This was back in 2012. By 2016, Governor Andrew Cuomo had signed New York State’s Paid Family Leave policy into law.

Moving Forward

Carrie Lukas of the Independent Women’s Forum praised the Cradle Act, exclaiming, “progress is finally being made on paid leave.” She added, “Working parents should be able to take time off from work to welcome a new baby without financial hardship. They shouldn’t have to choose between caring for their new baby or earning a paycheck.”

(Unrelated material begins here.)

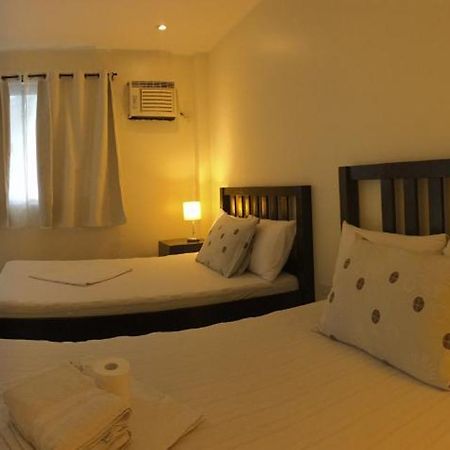 Victoria'S Bed & Breakfast Puerto Galera Buitenkant foto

Lukas describes the act as “the innovative, sensible, and fiscally responsible way” to do paid maternity leave. “Unlike other paid leave proposals that require a new payroll tax or government program, this earned leave program works within the existing framework of Social Security.”

Outside of the Independent Women’s Forum, however, I found hardly any support for the Cradle Act in my research; no major news outlets covered it positively. It seems what most people take issue with is the bill’s proposal for how we would pay for paid family leave. As one headline puts it: “Use Social Security to Pay for Parental Leave? That’s a ‘Terrible Idea,’ Experts Say.”

Who’s Paying

The main difference between Gov. Cuomo’s Paid Family Leave policy and the Cradle Act is essentially how they’re funded. In New York’s policy, employees contribute a portion of each paycheck through a payroll tax employers then use to buy paid leave insurance. Jill Terreri Ramos reports for Politifact, “Some experts agreed that New York has the strongest program that is currently active, but they warned that trying to determine the ‘best’ has its pitfalls. Best for whom? Also, each program has its own complexities that can make comparisons difficult.”

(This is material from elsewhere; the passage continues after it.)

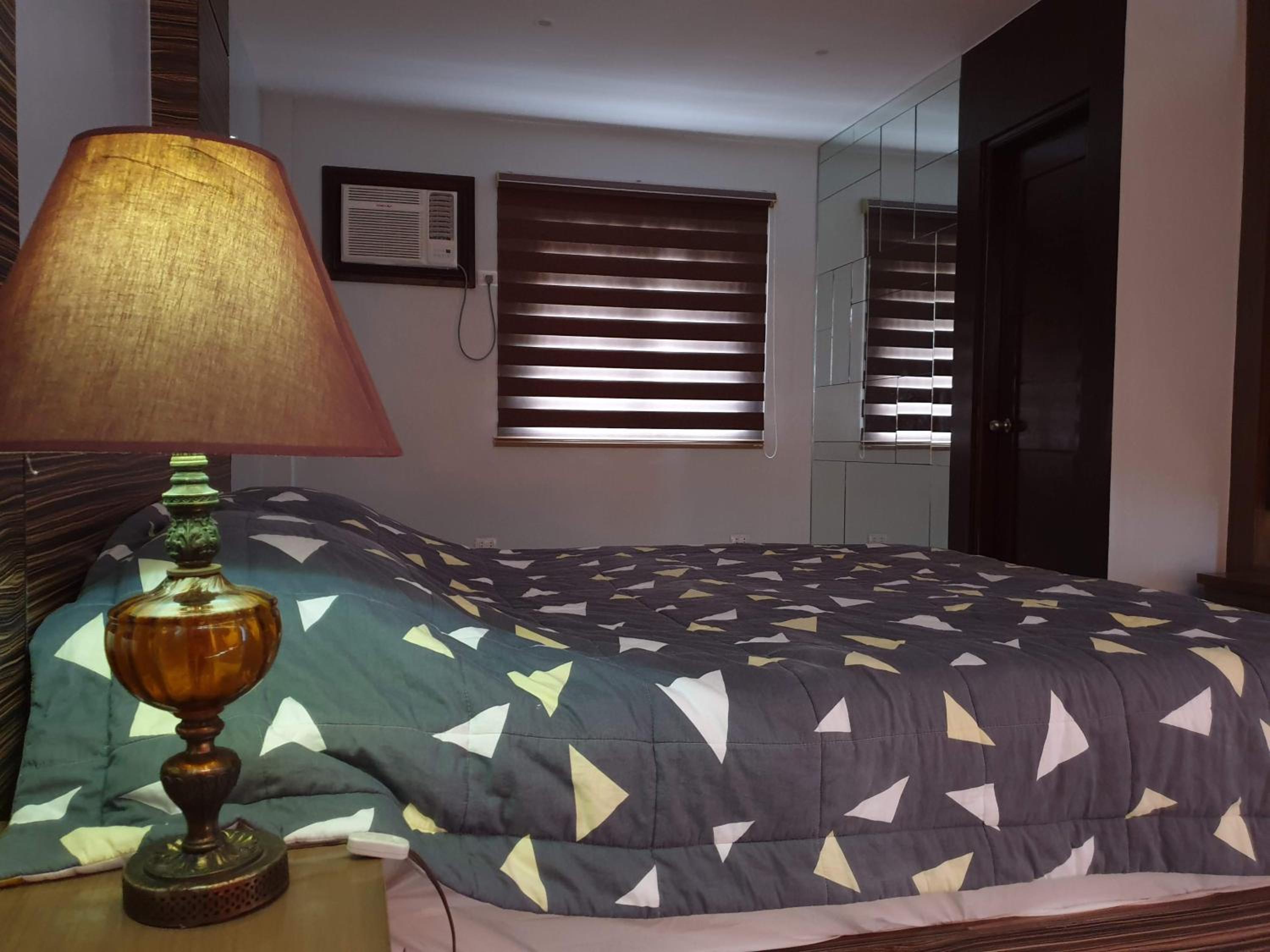 Queen Suite with Sea View - Photo 10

At the end of the day, the money has to come from somewhere. If it were up to me in 2012, I would have been happy with either policy or—honestly—any policy at all. As Jen Gann observes at The Cut, the question we need to be asking is, “Would it be better than what we have now?”

The good news is this unpopular bill has resulted in a bipartisan push to address family leave led by Republican Senator Bill Cassidy (LA) and newly elected Democratic Senator Kyrsten Sinema (AZ). As Tara Golshan writes for Vox, “The fact that they’re working together shows Congress is taking on a more serious effort to address family leave in a divided Washington.”

Will the hand that rocks the cradle rule the world? We’ll be quietly watching to find out.